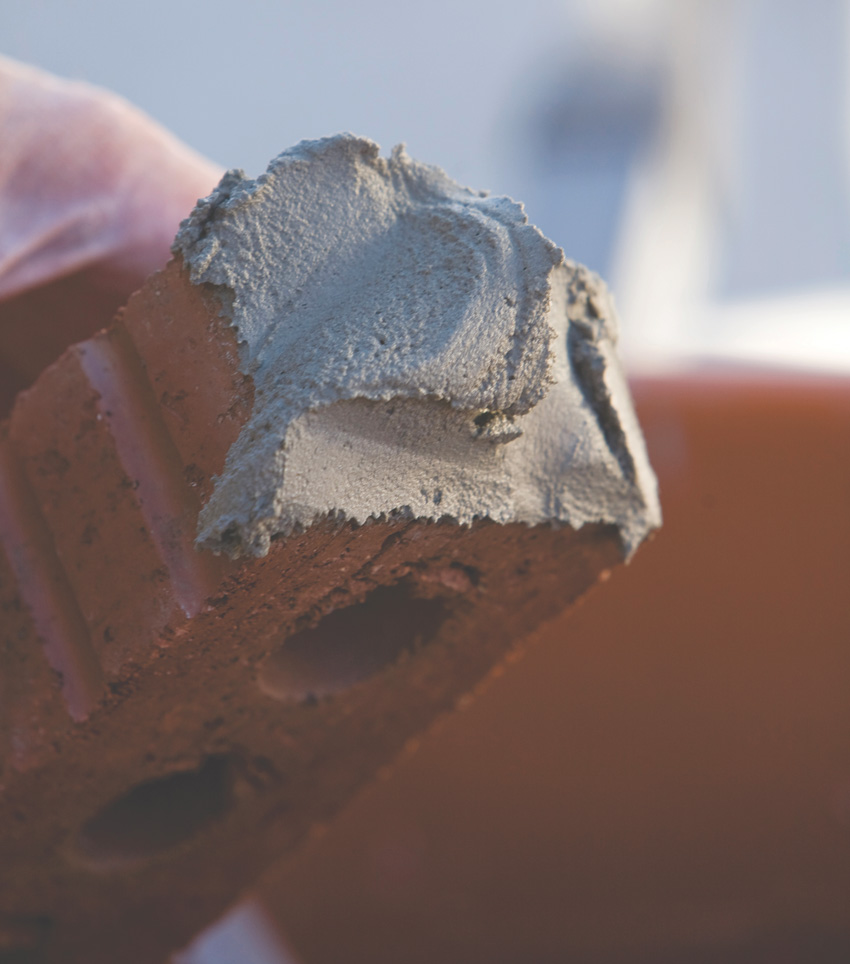 Photo of a brick with mortar.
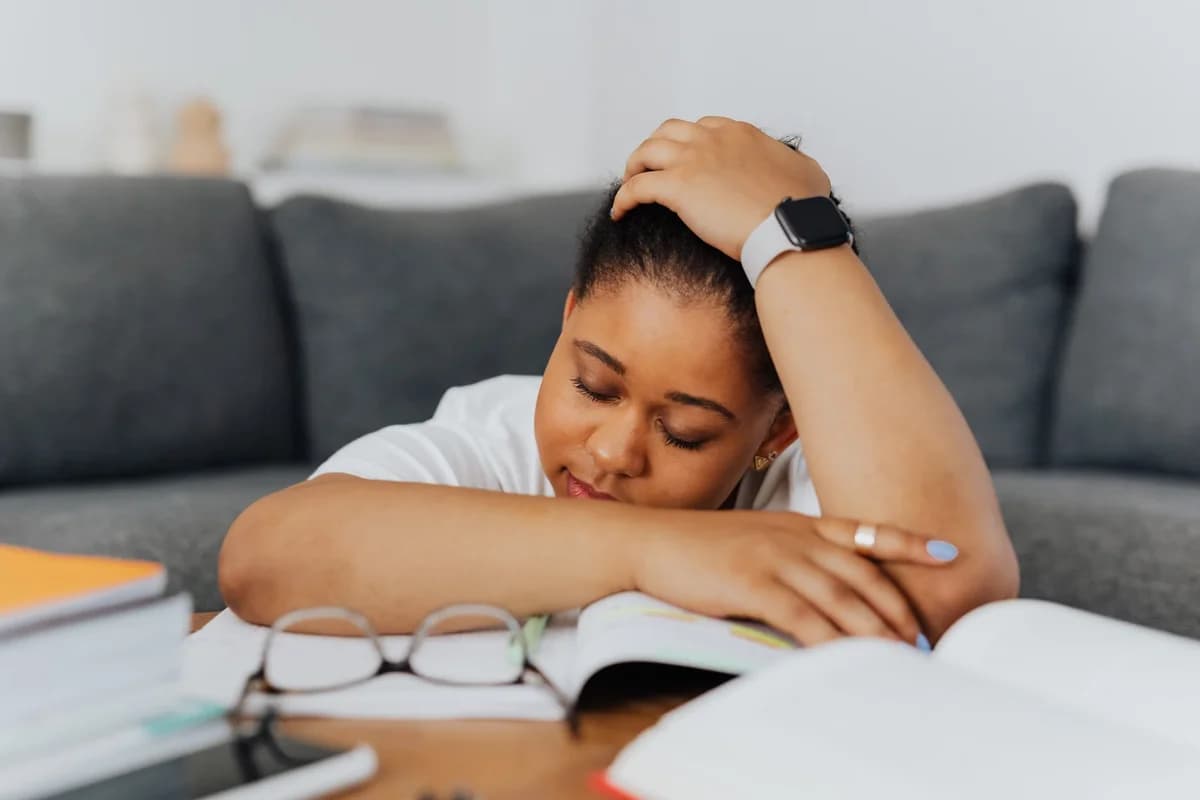 Woman resting head on open books at table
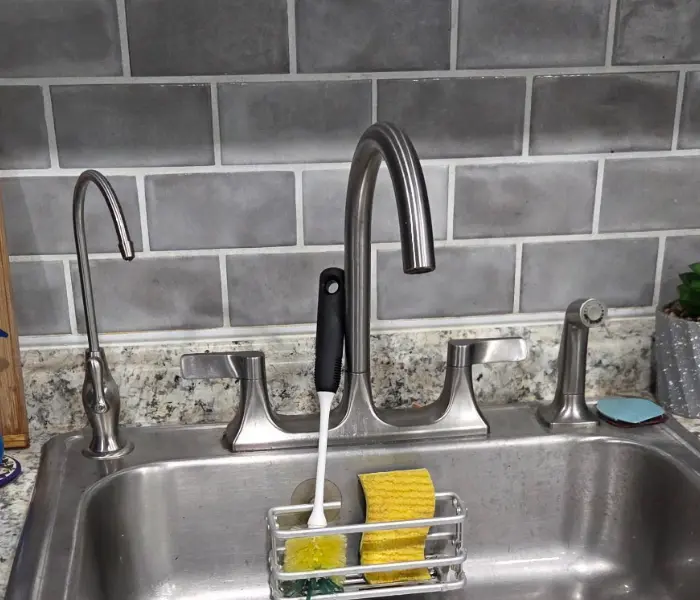 Drinking-water faucet at a stainless-steel sink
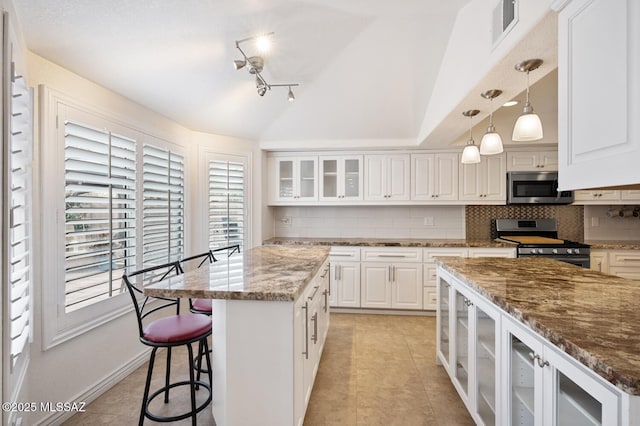 kitchen featuring white cabinetry, appliances with stainless steel finishes, a center island, and dark stone counters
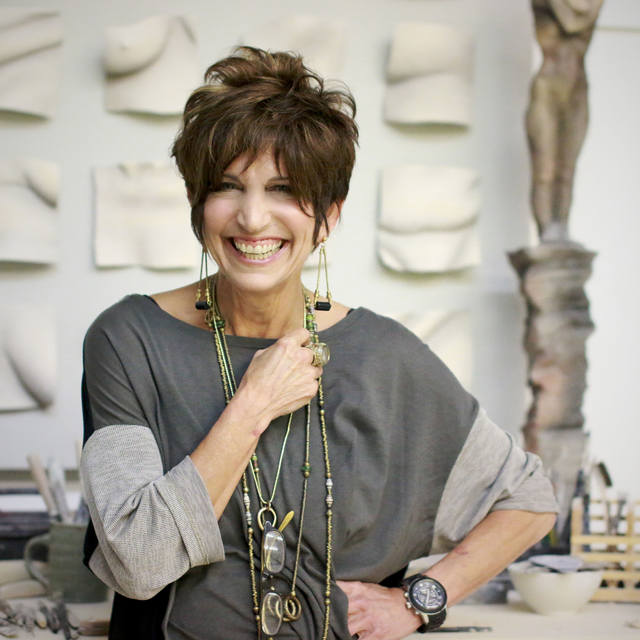 Sculptor Tanya Ragir smiling in her studio with her artwork behind her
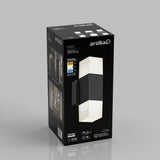 Box packaging for an Artika Lenox wall light, showing a modern black and white rectangular fixture, product details, energy efficiency icons, and photos of the light installed indoors.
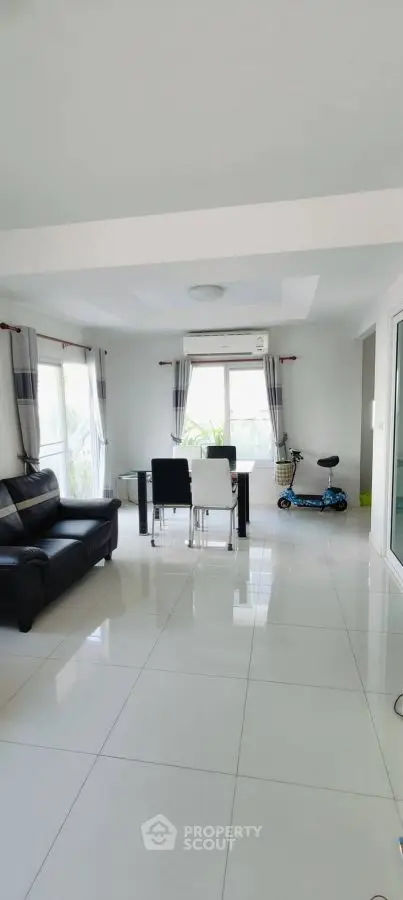 Spacious modern living room with sleek furniture and large windows.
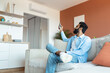 © Prostock-studio - Relaxed Indian Man Turning On Air Conditioner Sitting At Home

------------------------------------

> EXERCISE INSTRUCTIONS
Beginning with the line that holds "Sculptor Tanya Ragir", output each line to the end of the material above, exactly, omitting the pictures.

> TASK ANSWER
 Sculptor Tanya Ragir smiling in her studio with her artwork behind her
 Box packaging for an Artika Lenox wall light, showing a modern black and white rectangular fixture, product details, energy efficiency icons, and photos of the light installed indoors.
 Spacious modern living room with sleek furniture and large windows.
 © Prostock-studio - Relaxed Indian Man Turning On Air Conditioner Sitting At Home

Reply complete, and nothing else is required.